Could the County’s Shelter Crisis Declaration Shift the Approach to Homelessness in Sacramento?

SACRAMENTO -- For the last five months, Chamisa Bell has called a tent along the American River Parkway home.

"They move you from here. There’s really nowhere to go," Bell said. "Where’s the next thing? You can’t go over there, you can’t go over here. You've got to go just out there."

Bell is one of between 3,500 and 5,000 homeless people in Sacramento County looking for shelter. She says she has been waitlisted and rejected from shelters in the past.

Instead of finding her a place to stay, Bell says park officers usually write her a ticket.

"I’ve been getting many, many tickets every week, actually. One a week for the last couple weeks," Bell said.

Each month rangers near the American River Parkway issue citations for things Bell says homeless people like herself cannot avoid. Things like having a bike in unauthorized areas or setting up a shelter on a tree.

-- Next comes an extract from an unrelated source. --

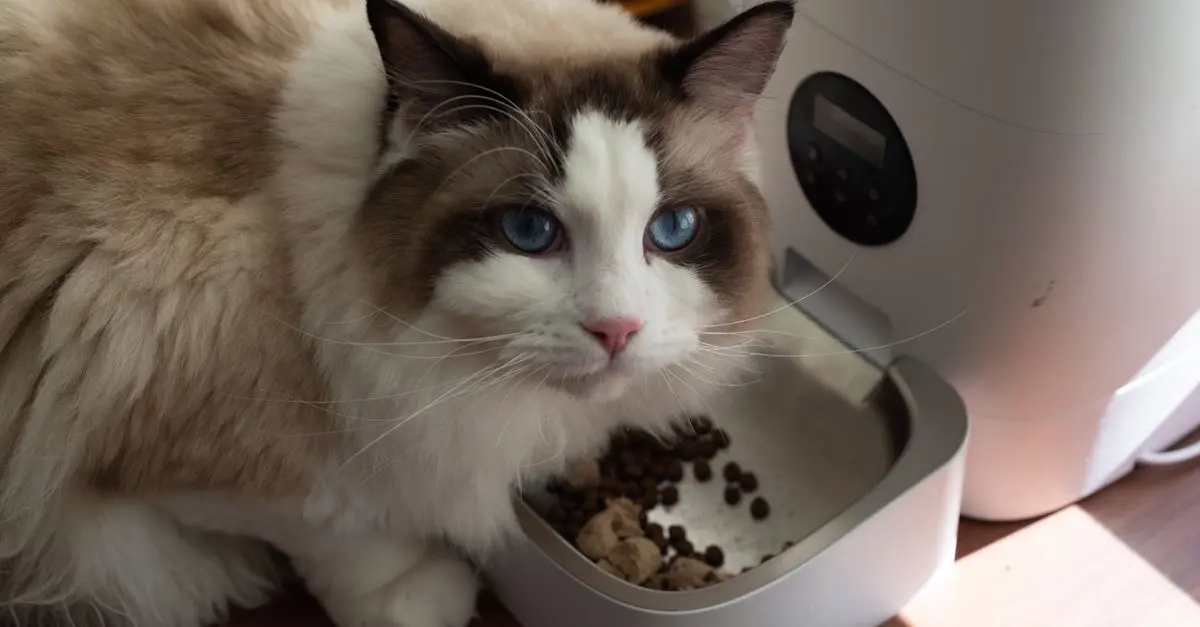 How to Enhance Your Pet's Zone with Smart Technology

"We’re certainly not going to ticket our way out of this," said Sacramento County Supervisor Don Notolli.

Notolli says with an additional $20 million likely on the way to the City and County of Sacramento after both took steps to declare an emergency homeless shelter crisis Tuesday the approach to handling homeless populations may change.

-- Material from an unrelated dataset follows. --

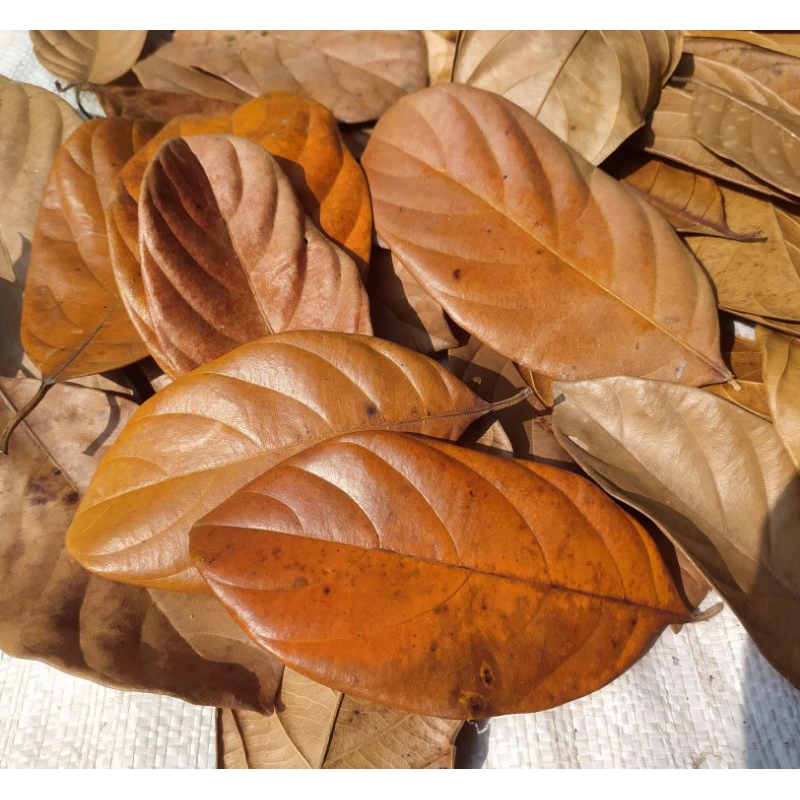 Daun Kering Daun Nangka kering Daun bahan kerajinan Prakarya Kolase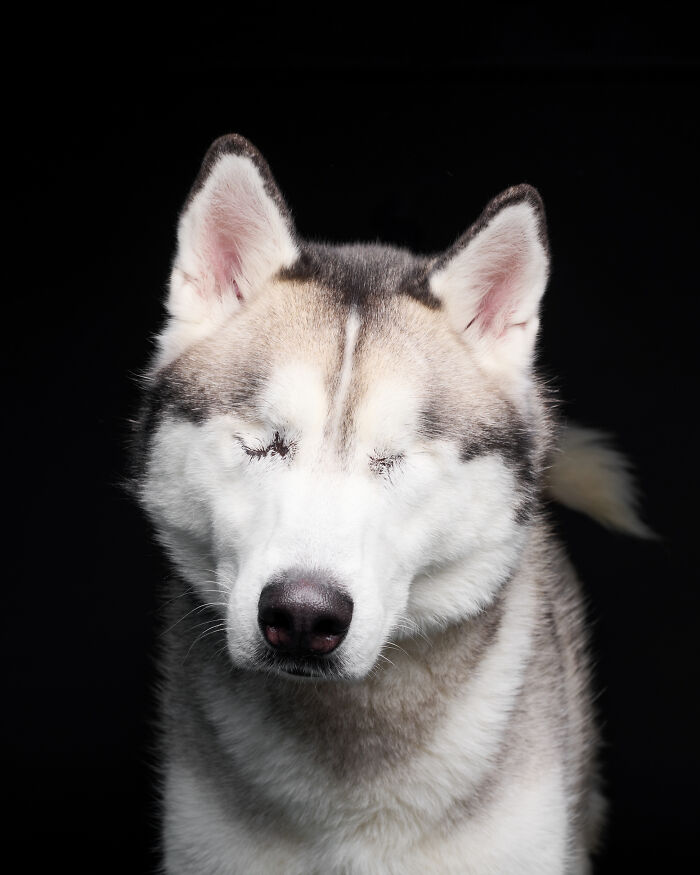 Rescue Dog #2 | Pablo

In September, the County Board of Supervisors decided to stop park rangers from issuing tickets to homeless people along the American River Parkway for illegally camping. In each of the previous six months, rangers issued hundreds of camping tickets.

But park ranger activity reports obtained by FOX40 shows that despite only 15 camping citations in September, there has been a major increase in tickets given out to homeless people for other offenses like littering or keeping shopping carts in the park.

There were more than 500 citations total in the month of September, which is on par with park rangers average in the previous six months.

"Hopefully we’re going to continue to take a compassionate approach and that gives us more opportunity to actually shelter folks as well," Notolli said.

If the crisis funding is used properly, shelter recommendations could take the place of citations.

"Half the money is going to go to expanding local shelters and improving the services at those shelters. And about half the program is going to go to rental subsidies, case management and support services," said Ben Avey with the nonprofit Sacramento Steps Forward.

Avey says no matter how officials within the city or county respond to the crisis, the region is in a desperate need of more housing.

"We don’t have enough housing, we don’t have enough shelters, we don’t have enough services. We simply can’t keep up with the rising tide of homelessness right now," Avey said.